In the 1871 England Census, William Hammontree was age 64, married, working as an agricultural laborer. His son Henry was 14. Both William and Henry were born in Westmill, Hertfordshire. (Hertfordshire is abbreviated Herts.)
In the 1891 England Census, Elias Hammontree was 46, married, working as a farm laborer, born in Westmill, Herts. His wife Clayre/Eleya was 47, born in Munden, Herts. Their son Henry was 14, a farm laborer, born in Munden, Herts.
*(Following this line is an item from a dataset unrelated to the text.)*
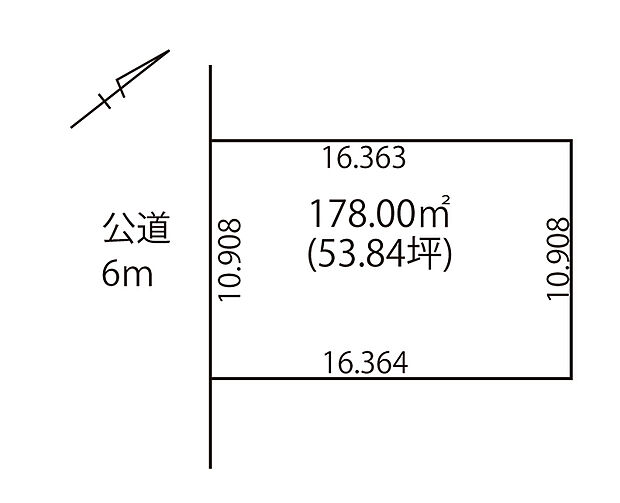 間口の広い整形地につき、様々な間取りにも対応しやすい区画です。広いお庭や、複数台駐車可能なカースペースなど、ご家族のライフスタイルに合わせたお住まいを実現できます。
Their daughters Elizabeth age 12 and Jane 11 were both in school, both born in Westmill, Herts. (Westmill and Munden are parishes in East Hertfordshire, a district in Hertfordshire.)
Also in the 1891 England Census, Mary Ann Guntilda Hammontree was in Lancashire, age 27, single, employed as a Governess. She was born in Liverpool, Lancashire.
Roberta Pierson was the first family genealogist who discovered these Hammontree entries in English censuses. Note that some family genealogists give William Hammontree of England as the father of Jonathan Hammontree, who was the patriarch of the Hammontree family in America. But the William Hammontree found in English census records was born more than one hundred years after Jonathan.
DNA testing has shown that the confirmed haplogroup of Hammontree Y-DNA is R–M269. Family Tree DNA (FTDNA) describes this haplogroup as follows:
Haplogroup R-M269 is the dominant lineage in all of Western Europe today. It is found in low frequencies in Turkey and the northern Fertile Crescent, while its highest frequencies are in Western Europe.